In this section, you learn how to:

  • Define collinearity and describe its potential impact on regression inference
  • Define a variance inflation factor and describe its effect on a regression coefficients standard error
  • Describe rules of thumb for assessing collinearity and options for model reformulation in the presence of severe collinearity
  • Compare and contrast effects of leverage and collinearity

4.5.1 Video

Video Overhead Details

Hide

A Details. Collinearity

  • Collinearity, or multicollinearity, occurs when one explanatory variable is, or nearly is, a linear combination of the other explanatory variables.
    • Useful to think of the explanatory variables as being highly correlated with one another.
  • Collinearity neither precludes us from getting good fits nor from making predictions of new observations.
    • Estimates of error variances and, therefore, tests of model adequacy, are still reliable.
  • In cases of serious collinearity, standard errors of individual regression coefficients can be large.
    • With large standard errors, individual regression coefficients may not be meaningful.
    • Because a large standard error means that the corresponding t-ratio is small, it is difficult to detect the importance of a variable.

Hide

B Details. Quantifying collinearity

A common way to quantify collinearity is through the variance inflation factor (VIF).

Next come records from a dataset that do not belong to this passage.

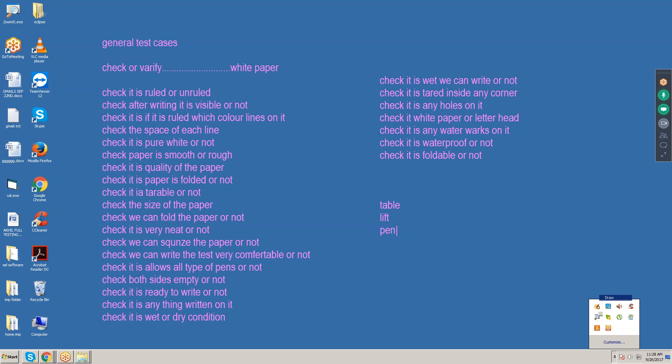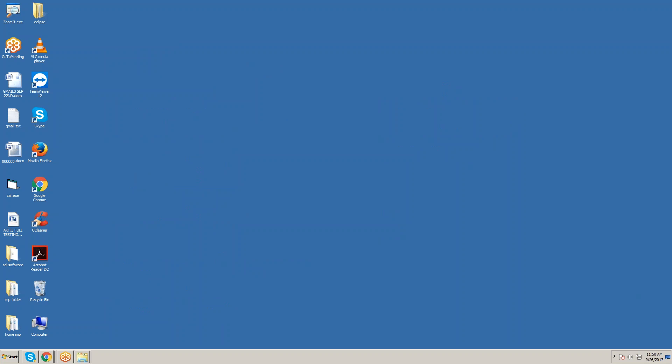Instead we discussed the test case template — that is the professional format. Whenever you are facing an interview, they will not give you pen and paper; that time you should tell test cases like this using 'check' or 'verify'. The test case template fields are: test case ID, test case description, test case type, expected value, actual value, result, priority, and remarks.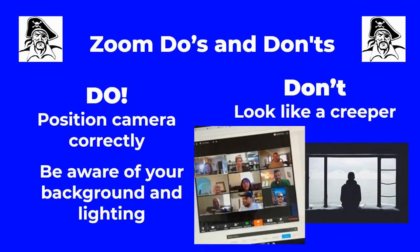Do pay attention to how your camera is positioned. Be aware of your background and your lighting — just take a minute to make sure that looks okay.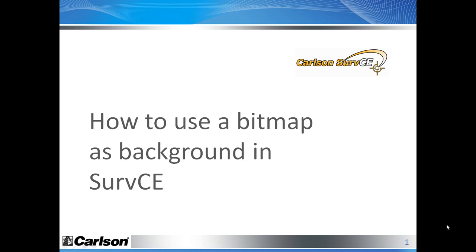In this presentation we will look at how to use a bitmap as a background in SurvCE. There are different ways to do this, but we will look at a very popular way, which is to use a Google Earth image as a background.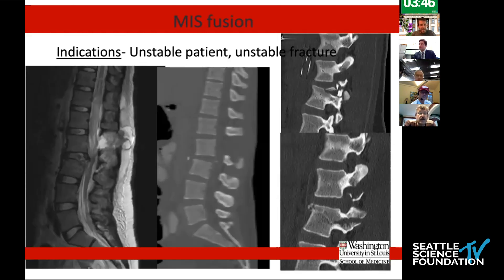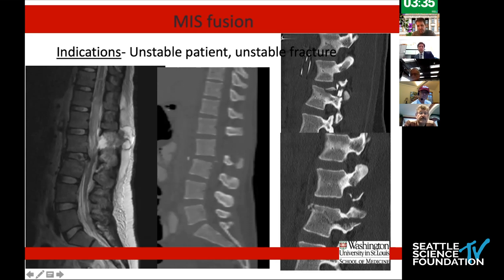This was her imaging. As you can see here, she had a clear disruption of the disc as well as what appeared to be on MRI, clear interspinous ligament disruption. I'm showing the L3 pedicle here and then the L2-3 facet on the contralateral side.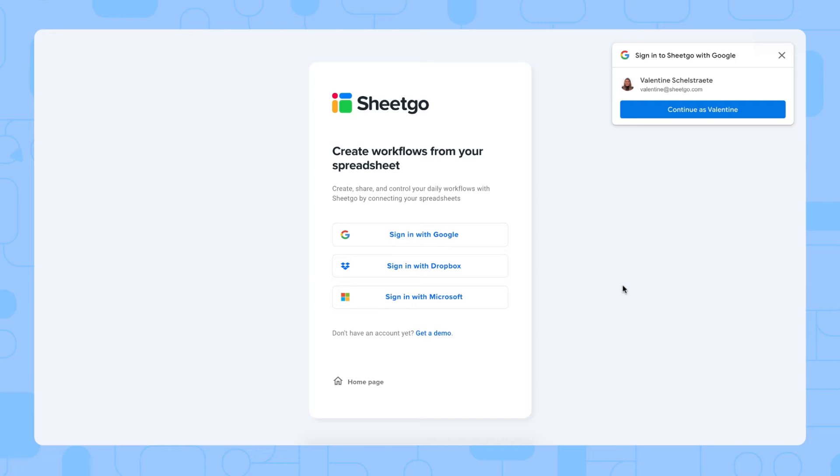Now let's take a look at how to set up your system. To install the sales lead Excel template, you simply click the link that I'll put in the video description below. It will take you to this login screen of Shigo, where you can sign in with Google, Dropbox, or Microsoft. In this case, I'll sign in with Microsoft.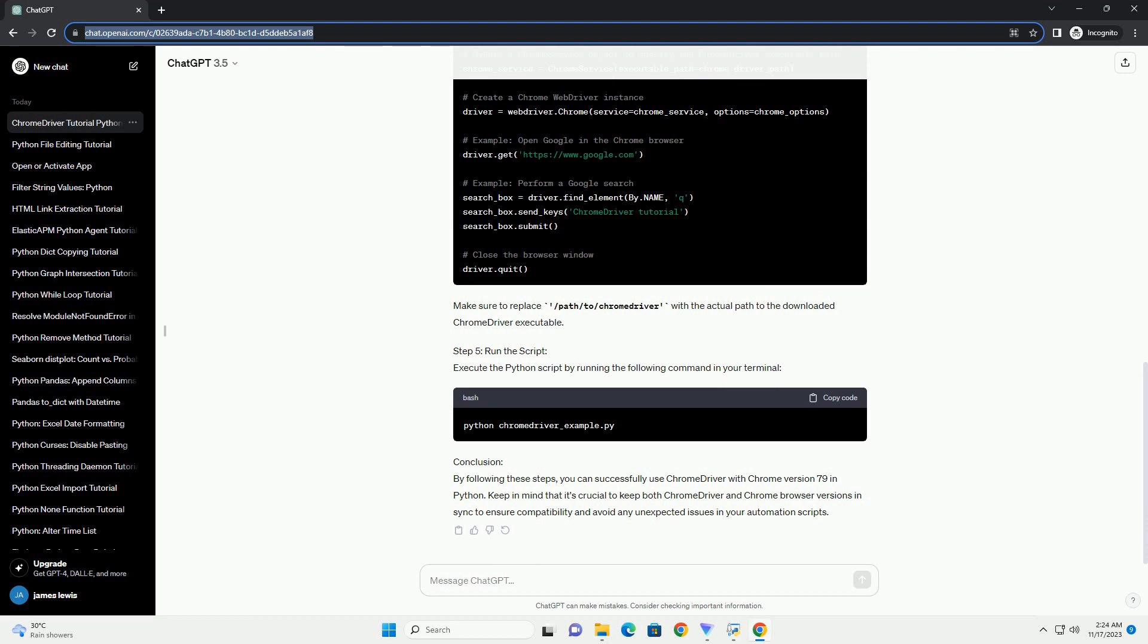Step 3: Install Selenium. Selenium is a powerful tool for browser automation, and we'll be using it in conjunction with Chrome Driver. Install Selenium using the following command.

  • Suppose that the set of explanatory variables is labeled \(x_{1},x_{2},\dots,x_{k}\).
  • Run the regression using \(x_{j}\) as the “outcome” and the other \(x\)’s as the explanatory variables.
  • Denote the coefficient of determination from this regression by \(R_j^2\).
  • Define the variance inflation factor

\[ VIF_{j}=\frac{1}{1-R_{j}^{2}},\ \ \ \text{ for } j = 1,2,\ldots, k. \]

Hide

C Details. Options for handling collinearity

  • Rule of thumb: When \(VIF_{j}\) exceeds 10 (which is equivalent to \(R_{j}^{2}>90\%\)), we say that severe collinearity exists. This may signal is a need for action.
  • Recode the variables by “centering” - that is, subtract the mean and divide by the standard deviation.
  • Ignore the collinearity in the analysis but comment on it in the interpretation. Probably the most common approach.
  • Replace one or more variables by auxiliary variables or transformed versions.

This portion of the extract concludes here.